1 Introduction

The friction stir welding process, which was introduced and patented in 1991 by TWI, enables the reproducible joining of mainly nonferrous metals [1]. The joint formation based on intermixing of plasticized metals allows for firmly bonded welding of non-fusion weldable alloys, while at the same time increasing joint quality compared to fusion welding processes by eliminating the formation of metallurgical pores and minimizing distortion [2].

From the beginning of its industrial use until today, FSW has been used in applications requiring the joining of high performance alloys and minimization of distortion. Starting in 1993, NASA used FSW for the joining of lithium-containing Al-alloys for its space shuttle fuel tanks. FSW was the only way to reliably join this high strength-to-weight ratio alloy and to achieve weld seam properties comparable to the mechanical properties of the base material to exhaust the alloy’s potential [3].

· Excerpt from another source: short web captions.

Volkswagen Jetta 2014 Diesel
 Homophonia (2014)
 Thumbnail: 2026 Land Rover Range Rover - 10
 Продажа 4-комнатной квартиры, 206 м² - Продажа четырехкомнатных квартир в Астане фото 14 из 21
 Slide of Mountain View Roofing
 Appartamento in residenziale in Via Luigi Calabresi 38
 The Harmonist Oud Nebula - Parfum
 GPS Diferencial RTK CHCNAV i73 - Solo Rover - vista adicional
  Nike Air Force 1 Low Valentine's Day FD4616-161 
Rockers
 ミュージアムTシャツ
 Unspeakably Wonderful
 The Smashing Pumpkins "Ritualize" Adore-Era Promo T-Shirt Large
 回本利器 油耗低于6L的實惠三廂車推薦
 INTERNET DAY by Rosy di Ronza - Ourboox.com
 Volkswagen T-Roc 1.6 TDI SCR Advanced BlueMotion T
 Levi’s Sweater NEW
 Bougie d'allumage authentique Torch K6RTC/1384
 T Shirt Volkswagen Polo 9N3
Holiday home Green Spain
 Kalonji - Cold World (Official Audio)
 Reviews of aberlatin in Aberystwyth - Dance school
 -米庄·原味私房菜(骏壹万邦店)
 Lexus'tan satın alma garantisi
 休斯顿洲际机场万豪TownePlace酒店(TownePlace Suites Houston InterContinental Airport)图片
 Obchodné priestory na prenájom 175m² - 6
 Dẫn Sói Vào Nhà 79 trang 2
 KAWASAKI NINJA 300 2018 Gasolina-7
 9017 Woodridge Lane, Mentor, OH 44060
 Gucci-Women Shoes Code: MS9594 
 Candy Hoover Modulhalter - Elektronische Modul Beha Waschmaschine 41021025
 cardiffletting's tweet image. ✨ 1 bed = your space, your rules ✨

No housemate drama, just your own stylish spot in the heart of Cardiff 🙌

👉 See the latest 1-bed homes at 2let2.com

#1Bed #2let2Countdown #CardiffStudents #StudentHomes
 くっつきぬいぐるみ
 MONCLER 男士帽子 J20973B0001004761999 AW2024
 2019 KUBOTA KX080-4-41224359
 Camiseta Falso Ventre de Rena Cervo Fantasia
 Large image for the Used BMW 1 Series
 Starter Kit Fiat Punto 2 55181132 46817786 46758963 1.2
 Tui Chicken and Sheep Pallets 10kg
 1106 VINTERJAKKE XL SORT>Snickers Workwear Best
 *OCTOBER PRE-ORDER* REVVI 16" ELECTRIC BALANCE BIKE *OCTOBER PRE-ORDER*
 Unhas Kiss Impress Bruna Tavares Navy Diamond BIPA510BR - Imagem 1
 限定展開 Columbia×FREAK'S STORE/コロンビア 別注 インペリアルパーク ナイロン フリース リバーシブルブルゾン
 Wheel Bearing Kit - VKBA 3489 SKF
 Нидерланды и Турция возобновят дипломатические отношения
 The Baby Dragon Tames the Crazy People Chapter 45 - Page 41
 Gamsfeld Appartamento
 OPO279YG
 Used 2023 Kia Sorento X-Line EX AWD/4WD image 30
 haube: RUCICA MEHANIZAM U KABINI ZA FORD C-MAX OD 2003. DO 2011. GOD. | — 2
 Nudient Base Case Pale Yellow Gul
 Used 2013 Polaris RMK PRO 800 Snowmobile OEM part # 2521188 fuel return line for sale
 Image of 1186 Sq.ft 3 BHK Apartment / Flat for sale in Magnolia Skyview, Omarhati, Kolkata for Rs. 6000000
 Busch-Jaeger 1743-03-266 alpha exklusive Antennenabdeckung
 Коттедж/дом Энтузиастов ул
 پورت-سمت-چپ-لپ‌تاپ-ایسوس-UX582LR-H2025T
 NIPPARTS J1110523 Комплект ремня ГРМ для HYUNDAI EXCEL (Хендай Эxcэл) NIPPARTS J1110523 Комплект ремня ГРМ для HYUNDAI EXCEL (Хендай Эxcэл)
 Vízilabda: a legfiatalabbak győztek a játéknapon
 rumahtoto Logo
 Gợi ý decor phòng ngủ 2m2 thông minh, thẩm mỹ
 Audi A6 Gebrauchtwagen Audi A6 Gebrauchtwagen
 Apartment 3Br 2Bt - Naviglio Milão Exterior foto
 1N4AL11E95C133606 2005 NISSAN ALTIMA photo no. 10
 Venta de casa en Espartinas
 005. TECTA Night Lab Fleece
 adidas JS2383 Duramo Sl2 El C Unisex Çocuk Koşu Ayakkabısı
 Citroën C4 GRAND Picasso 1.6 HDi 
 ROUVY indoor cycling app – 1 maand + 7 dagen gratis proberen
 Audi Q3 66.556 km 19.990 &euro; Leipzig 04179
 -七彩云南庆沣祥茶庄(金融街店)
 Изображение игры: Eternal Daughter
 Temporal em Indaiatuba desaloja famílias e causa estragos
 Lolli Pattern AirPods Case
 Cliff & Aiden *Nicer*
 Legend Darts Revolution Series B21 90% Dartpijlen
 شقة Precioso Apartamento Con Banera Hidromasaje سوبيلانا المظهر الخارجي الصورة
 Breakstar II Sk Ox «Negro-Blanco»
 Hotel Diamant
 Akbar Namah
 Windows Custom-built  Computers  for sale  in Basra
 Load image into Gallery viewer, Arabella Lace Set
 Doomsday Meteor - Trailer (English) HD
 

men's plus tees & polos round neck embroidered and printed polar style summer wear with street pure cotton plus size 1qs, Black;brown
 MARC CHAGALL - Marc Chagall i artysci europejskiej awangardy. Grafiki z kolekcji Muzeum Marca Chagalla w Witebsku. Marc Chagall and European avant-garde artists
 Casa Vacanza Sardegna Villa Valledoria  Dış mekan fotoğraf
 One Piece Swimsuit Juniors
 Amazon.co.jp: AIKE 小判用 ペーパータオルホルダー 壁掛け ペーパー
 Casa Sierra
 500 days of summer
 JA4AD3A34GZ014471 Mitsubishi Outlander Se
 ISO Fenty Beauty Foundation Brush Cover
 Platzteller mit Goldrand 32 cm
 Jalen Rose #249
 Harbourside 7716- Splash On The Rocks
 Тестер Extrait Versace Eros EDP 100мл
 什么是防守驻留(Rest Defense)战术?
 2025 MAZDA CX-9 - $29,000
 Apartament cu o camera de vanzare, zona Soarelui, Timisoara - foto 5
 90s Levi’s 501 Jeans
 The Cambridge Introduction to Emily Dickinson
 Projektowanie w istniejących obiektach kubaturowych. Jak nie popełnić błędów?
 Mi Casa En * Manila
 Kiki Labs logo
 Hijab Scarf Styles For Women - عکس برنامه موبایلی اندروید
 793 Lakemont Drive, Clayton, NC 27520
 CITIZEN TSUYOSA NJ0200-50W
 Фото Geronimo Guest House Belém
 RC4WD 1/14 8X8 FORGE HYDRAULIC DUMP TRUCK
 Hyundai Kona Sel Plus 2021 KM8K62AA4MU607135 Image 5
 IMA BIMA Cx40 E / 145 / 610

FSW has spread further into industrial use, being employed to maximize material properties and save weight in car bodies and panels [4], as well as trains and ships [5] and entertainment electronics [6]. After the end of the patent protection in 2015, the following elimination of licensing costs [7] and the ever increasing trend towards light weight construction, the interest for further industrial applications spiked. While being regarded as a stable, reliable process, suitable monitoring, and tracing methods are in increasing demand. Commonly the static component of the axial process force can be used for process control, to further increase process stability [2]. First attempts at also utilizing the dynamic components of all three spatial process forces show a correlation with weld seam characteristics. Various avenues of research into force variation and cyclical components in time and frequency domain have been published, e.g., [8,9,10,11] with mixed success and industrial applicability. A mutual shortcoming of these works presents in the missing transferability to other joining challenges.

The presented work eliminates the influence of machine properties on the results and examines high-frequency process force feedback in the frequency domain, as well as in the time domain. Based on the observations, an analytic algorithm defining weld seam characteristics is derived.

2 Problem statement

The empirically developed and integrated friction stir welding processes are generally regarded as stable and controllable, but they are also susceptible to external disturbances. Gap tolerances, material thickness variation, as well as surface condition and tool wear can have negative influences on the process. Currently, process quality is governed through control of the static component of the axial force, but the need for reliable inline monitoring of FSW weld seam quality cannot be fulfilled by today’s process control strategy. Therefore, in current production processes, additional quality assessment is required downstream, which increases complexity, manufacturing time, and costs. With the increasing commercial relevance of FSW, the need for reliable and cost-efficient inline quality monitoring, which is immune to external disturbances, increases.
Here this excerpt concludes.